Matt Scott: That would be really cool. Scott Brady: So I’m just really looking forward to doing that. I just, I really love Kenya [00:05:00] and Southern Kenya and that whole zone. I’ve always wanted to go to Ethiopia. So there’s a couple options. Basically we’re looking at three different options. Cape Town to Cairo is option number one.
Matt Scott: That’s our preferred option.
Scott Brady: That’s, yeah. The other one would be Cape Town to Djibouti, which gets us into the sea of Aiden and it’s, it’s just as much of a continental crossing as anything else. And then ship the vehicle out of Djibouti. Or stage it in that region for a bit until things cool down.
Matt Scott: It’d be kind of cool if you’re gonna do Djibouti to hop over to Saudi Arabia.
Scott Brady: Yes. The problem is I can’t take this vehicle into Saudi Arabia cuz it’s right hand drive. Maybe what we’ll do is we’ll, we’ll get some motorcycles in Ethiopia or ship them into Ethiopia.
Matt Scott: No, no. What you do if you’re going to to south or to to Saudi Arabia is you call Louie.
Scott Brady: Yeah, that’s right.
Matt Scott: Yeah. And he’s in Riyadh, he’s a listener and he’ll hook us up.
Scott Brady: Totally. But I was thinking cuz there’s a fairy you can [00:06:00] take. Basically to Jordan. And then you ride the motorcycles through Jordan, Iraq, Northern Iraq.

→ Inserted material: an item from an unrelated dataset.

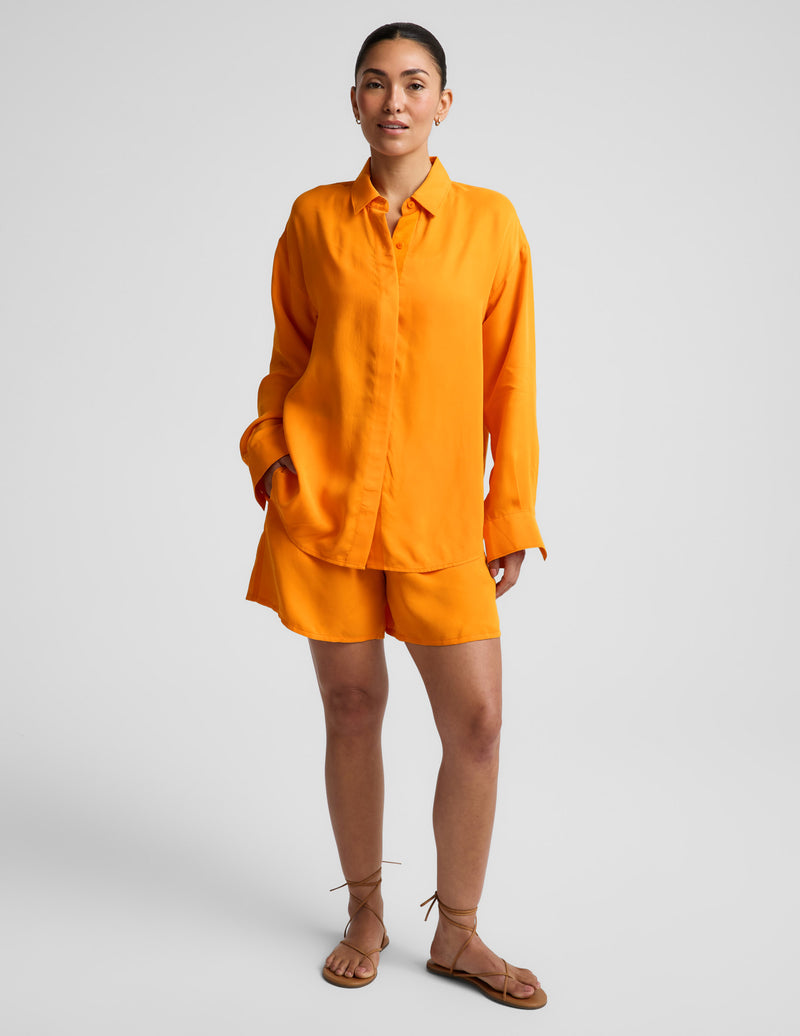 Sunkissed Cupro Button Down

Matt Scott: And I understand, yeah, that’d be really nice.
Scott Brady: And into, into Turkey while the vehicle’s being shipped up and you kind of wrap around and do the whole thing. So there’s so many options. And then of course, option C would be run the west coast of Africa, which has its owns challenges right now. There’s been a lot of. Elections and there’s a lot of contested elections. There’s things that are happening. So it’s, it’s pretty sporty.
Matt Scott: The, the, the key thing here is that there’s options.
Scott Brady: There is options.
Matt Scott: I think that that’s, that’s kind of fun.
Scott Brady: There is, and, and we have the vehicle for up to a year, so we can, A lot can change and that amount of time. And the goal though is just for us to be able to see this beautiful place, and I’ve talked about in the podcast a lot in the past that. A lot of my trips have been much faster than I wanted them to be. This one won’t be as slow as I would like it to be, but it won’t be so fast.
Matt Scott: Well, you’re also gonna be able [00:07:00] to kinda, at least from what I know, the plan is to kind of break it down into sections. Fly back. You still have a business to run. You still have a life. You know, there’s plenty of places that you can leave the vehicle. I like that concept. Cause I think that for someone, there’s more people who could do that than just say, I’m gonna take a year off, or I’m gonna do this. Like I’m, I’m gonna go over what, it doesn’t have to be a three month period. You know, you can cover a lot of distance in Africa in a, in a one month period. Leave the car for a little bit. Now, obviously, you’re gonna be spending a lot of money on flights.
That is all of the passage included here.